Le terrible masque, qui fait fuir, draine une nuée de spectateurs enjoués. Le redoutable ennemi des forces maléfiques provoque la joie et assure l’animation partout où il passe. La sécurité qu’il prétend établir dans la localité contraste avec ce sentiment de crainte qui résulte de violences et comportements peu amènes de ‘’kintang’’ peu orthodoxes. Des quidams starisés pour un court mois, sans doute enivrés par les miasmes d’une folklorisation à outrance. Aux nuisances de la folle foule s’ajoute la débauche qui s’empare des jeunes livrés à eux-mêmes.
Figurant sur la liste du patrimoine de l’humanité, comme un masque accroché dans un sinistre musée, cette valeur universelle exceptionnelle mérite un peu plus d’égards de la part des autorités publiques locales. En effet, ce patrimoine vivant doit sa survie à la seule volonté de ses dépositaires. En dépit de son label mondial, il reste à la charge de sa communauté d’origine et de la collectivité mandingue. Enlisé dans un espace urbain, il en subit les contraintes.
Qui plus est, l’enseignement traditionnel s’évapore devant la jeunesse criarde des circoncis incapables de subir les épreuves, les rigueurs et la philosophie de l’initiation.
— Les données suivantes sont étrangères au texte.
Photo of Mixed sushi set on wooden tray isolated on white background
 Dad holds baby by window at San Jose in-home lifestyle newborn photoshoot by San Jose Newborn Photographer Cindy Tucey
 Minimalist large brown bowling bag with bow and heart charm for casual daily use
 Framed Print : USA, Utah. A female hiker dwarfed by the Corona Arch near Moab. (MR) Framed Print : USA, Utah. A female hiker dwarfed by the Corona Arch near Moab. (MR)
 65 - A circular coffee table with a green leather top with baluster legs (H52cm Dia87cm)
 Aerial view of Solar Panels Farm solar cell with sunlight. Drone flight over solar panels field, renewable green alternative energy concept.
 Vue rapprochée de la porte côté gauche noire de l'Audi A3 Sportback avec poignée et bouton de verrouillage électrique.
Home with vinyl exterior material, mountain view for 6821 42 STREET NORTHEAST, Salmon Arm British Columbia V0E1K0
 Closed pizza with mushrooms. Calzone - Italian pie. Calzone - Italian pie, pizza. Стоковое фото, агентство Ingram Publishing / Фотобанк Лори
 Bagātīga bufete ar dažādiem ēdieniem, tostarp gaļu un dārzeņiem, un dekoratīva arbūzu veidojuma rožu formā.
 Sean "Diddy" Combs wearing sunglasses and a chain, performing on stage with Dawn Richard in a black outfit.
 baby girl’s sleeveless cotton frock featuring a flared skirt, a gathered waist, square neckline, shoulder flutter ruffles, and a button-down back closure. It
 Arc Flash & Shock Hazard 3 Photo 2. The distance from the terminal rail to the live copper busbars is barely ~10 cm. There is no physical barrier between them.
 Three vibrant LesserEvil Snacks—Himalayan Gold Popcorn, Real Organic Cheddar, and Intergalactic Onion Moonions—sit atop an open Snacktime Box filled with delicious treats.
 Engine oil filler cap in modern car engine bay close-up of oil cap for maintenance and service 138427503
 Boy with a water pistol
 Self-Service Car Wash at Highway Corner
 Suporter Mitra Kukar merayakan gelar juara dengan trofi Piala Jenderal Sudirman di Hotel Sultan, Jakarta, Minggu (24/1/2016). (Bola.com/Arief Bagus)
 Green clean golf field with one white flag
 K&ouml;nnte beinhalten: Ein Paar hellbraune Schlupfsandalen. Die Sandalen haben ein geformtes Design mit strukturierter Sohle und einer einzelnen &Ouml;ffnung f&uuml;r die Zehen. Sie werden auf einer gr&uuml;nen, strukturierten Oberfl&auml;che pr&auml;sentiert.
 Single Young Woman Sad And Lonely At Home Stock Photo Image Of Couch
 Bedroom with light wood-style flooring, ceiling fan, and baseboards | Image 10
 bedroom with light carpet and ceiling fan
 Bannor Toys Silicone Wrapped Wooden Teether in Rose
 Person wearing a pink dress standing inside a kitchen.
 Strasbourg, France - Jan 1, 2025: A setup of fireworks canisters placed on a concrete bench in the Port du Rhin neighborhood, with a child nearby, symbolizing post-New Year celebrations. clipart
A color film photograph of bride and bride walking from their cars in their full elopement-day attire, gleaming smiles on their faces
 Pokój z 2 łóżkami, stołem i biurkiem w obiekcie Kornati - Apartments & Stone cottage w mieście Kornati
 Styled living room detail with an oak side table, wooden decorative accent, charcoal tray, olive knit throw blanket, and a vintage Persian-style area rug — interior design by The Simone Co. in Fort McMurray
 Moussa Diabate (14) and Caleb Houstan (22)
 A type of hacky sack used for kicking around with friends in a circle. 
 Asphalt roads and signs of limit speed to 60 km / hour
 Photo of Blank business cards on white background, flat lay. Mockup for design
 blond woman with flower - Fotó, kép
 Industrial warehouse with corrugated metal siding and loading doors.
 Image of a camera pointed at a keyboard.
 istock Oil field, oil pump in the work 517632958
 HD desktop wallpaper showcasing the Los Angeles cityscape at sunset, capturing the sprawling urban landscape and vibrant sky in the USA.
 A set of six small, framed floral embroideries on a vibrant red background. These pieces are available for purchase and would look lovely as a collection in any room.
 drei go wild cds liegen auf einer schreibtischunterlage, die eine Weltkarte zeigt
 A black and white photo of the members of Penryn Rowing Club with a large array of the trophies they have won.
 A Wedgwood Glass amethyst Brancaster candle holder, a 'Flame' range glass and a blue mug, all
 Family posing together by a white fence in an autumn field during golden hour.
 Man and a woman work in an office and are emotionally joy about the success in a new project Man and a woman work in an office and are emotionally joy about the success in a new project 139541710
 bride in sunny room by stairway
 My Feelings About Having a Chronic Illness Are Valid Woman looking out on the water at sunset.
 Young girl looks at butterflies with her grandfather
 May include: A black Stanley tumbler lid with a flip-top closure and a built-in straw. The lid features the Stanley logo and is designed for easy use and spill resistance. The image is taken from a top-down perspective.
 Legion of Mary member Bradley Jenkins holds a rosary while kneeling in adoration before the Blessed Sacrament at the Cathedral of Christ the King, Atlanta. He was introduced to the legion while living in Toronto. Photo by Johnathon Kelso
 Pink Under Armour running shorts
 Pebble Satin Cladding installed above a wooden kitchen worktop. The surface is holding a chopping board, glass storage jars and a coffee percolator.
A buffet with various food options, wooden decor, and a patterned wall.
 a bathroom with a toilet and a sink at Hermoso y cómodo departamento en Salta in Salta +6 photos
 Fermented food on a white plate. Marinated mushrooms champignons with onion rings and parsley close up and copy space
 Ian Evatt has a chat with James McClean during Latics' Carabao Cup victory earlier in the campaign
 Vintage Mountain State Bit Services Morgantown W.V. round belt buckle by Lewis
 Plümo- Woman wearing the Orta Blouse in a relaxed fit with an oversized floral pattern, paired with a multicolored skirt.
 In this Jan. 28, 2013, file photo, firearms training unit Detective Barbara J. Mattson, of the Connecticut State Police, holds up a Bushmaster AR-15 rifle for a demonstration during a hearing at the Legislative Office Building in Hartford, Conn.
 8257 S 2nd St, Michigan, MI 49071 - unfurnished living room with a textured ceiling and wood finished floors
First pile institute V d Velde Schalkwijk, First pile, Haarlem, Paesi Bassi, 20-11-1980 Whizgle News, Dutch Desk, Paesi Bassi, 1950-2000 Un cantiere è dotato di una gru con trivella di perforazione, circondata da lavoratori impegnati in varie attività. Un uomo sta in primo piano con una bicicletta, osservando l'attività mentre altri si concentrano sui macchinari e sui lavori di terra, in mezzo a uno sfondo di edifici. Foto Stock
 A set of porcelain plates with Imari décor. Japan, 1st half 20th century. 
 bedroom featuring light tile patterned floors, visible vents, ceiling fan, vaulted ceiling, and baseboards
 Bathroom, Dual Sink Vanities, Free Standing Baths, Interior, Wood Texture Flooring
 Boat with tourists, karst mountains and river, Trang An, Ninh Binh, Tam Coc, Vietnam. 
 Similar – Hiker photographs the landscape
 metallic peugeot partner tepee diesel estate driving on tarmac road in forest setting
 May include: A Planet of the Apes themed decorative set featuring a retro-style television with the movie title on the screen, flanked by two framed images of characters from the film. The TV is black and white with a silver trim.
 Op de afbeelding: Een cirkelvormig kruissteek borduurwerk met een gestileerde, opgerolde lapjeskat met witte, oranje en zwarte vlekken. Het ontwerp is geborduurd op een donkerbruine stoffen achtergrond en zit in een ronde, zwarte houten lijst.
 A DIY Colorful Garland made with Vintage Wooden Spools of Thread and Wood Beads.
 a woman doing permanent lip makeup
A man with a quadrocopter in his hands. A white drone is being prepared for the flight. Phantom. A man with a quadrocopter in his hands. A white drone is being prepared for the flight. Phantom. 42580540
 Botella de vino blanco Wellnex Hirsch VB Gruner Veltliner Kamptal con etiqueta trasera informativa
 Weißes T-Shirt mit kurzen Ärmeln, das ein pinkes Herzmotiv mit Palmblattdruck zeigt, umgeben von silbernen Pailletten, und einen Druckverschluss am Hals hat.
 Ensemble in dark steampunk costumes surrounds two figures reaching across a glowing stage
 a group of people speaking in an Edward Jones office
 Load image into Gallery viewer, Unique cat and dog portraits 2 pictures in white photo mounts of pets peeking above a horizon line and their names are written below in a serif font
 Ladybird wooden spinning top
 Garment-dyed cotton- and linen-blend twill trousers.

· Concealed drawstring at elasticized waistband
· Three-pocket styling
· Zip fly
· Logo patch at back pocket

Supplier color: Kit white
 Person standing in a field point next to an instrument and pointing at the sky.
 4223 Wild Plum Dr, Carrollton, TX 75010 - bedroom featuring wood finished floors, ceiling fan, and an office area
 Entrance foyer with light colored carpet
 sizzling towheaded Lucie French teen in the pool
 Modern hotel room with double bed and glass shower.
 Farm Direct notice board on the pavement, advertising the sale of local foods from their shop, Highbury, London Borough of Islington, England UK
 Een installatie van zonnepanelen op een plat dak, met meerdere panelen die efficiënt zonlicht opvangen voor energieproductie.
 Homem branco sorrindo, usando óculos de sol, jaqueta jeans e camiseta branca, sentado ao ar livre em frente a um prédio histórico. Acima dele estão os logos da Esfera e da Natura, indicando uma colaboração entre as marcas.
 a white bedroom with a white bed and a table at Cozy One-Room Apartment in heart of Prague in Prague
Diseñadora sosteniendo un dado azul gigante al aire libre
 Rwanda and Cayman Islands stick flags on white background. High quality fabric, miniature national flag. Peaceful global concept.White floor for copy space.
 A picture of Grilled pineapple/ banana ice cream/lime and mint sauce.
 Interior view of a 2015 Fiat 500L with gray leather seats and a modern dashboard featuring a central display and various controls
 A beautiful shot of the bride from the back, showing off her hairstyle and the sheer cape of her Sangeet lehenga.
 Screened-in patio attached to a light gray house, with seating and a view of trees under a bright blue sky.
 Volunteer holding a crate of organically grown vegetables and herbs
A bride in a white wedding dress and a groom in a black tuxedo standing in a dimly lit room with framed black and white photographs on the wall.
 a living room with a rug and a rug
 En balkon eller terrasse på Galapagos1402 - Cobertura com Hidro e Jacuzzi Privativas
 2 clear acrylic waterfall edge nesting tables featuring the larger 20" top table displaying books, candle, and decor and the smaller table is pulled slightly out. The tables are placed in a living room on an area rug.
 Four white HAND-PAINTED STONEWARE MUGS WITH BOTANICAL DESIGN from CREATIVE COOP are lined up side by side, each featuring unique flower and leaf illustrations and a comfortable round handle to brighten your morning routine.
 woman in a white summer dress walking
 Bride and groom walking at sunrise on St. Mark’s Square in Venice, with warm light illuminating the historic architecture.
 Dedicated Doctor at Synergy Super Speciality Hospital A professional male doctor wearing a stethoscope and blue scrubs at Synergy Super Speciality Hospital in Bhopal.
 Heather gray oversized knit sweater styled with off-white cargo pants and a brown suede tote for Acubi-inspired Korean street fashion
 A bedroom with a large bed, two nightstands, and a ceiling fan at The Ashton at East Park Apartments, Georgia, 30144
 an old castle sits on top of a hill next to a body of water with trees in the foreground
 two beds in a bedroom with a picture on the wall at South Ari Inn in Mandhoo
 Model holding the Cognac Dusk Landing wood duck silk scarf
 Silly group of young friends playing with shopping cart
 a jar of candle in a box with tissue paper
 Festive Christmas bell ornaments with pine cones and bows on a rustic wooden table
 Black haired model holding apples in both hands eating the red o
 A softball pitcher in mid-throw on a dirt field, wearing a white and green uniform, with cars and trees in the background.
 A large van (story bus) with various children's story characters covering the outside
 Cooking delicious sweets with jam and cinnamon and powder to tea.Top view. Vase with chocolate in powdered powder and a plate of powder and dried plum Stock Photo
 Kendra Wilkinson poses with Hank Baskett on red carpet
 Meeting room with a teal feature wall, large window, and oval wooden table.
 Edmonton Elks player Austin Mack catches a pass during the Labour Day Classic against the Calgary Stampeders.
On assiste hélas à la dégénérescence d’un pilier institutionnel qui façonne la personnalité de l’être et lui attribue une conscience sociale. Le volet spirituel s’effiloche alors que la chaine de transmission des savoirs est en rupture avec cette génération peu encline à reprendre le flambeau de l’authenticité. De mythe, l’avenir du Kankourang présage d’une destiné aux contours de masque de foire.
Pourtant bien emmitouflé dans son costume de fibres, le Kankourang évoque les lointaines origines perdues dans le Gabou, le royaume manding d’occident. Il rappelle les pérégrinations dans l’espace sénégambien d’un peuple fier et conquérant. Les sons du ‘’jambadong’’ qui rythment les processions et enflamment les ‘’souwrouba’’ nocturnes, libère l’énergie fantastique de guerriers sevrés de combats épiques. Les tambours réveillent les élans asymétriques de danseurs frénétiques qui piétinent un substrat culturel qui s’enracine dans les profondeurs de la tradition.
L’esprit des ancêtres hante le ‘’kouyan’’ qui incarne l’espace et les rituels initiatiques. Les paroles des maîtres-initiés révèlent une glorieuse histoire qui, depuis les âges anciens, repose sur les savoirs, la discipline et le respect des anciens. Les jeunes et fougueux ‘’kintang’’ se soumettent à la sagesse des vieux ‘’Kéba’’ perpétuant ainsi l’héritage de Tirimakhan et du légendaire Soundjata. Source intarissable de créativité l’événement est un réceptacle de la diversité des expressions culturelles du monde manding.
Le personnage haut en couleurs pourrait également inspirer les applications et jeux multimedia dont raffolent nos jeunes. Inféodé dans une culture qui a valu à la sous-région ouest- africaine ses lettres de noblesse, le Kankourang résiste vaille que vaille aux assauts de la modernité. Celle-ci, vue positivement sous l’angle de la continuité de la tradition, devrait inventer un système de médiation et d’interprétation du Kankourang. Au delà de ses fonctions sociales et des expressions artistiques qui découlent de l’évènement, le Kankourang est une véritable attraction touristique.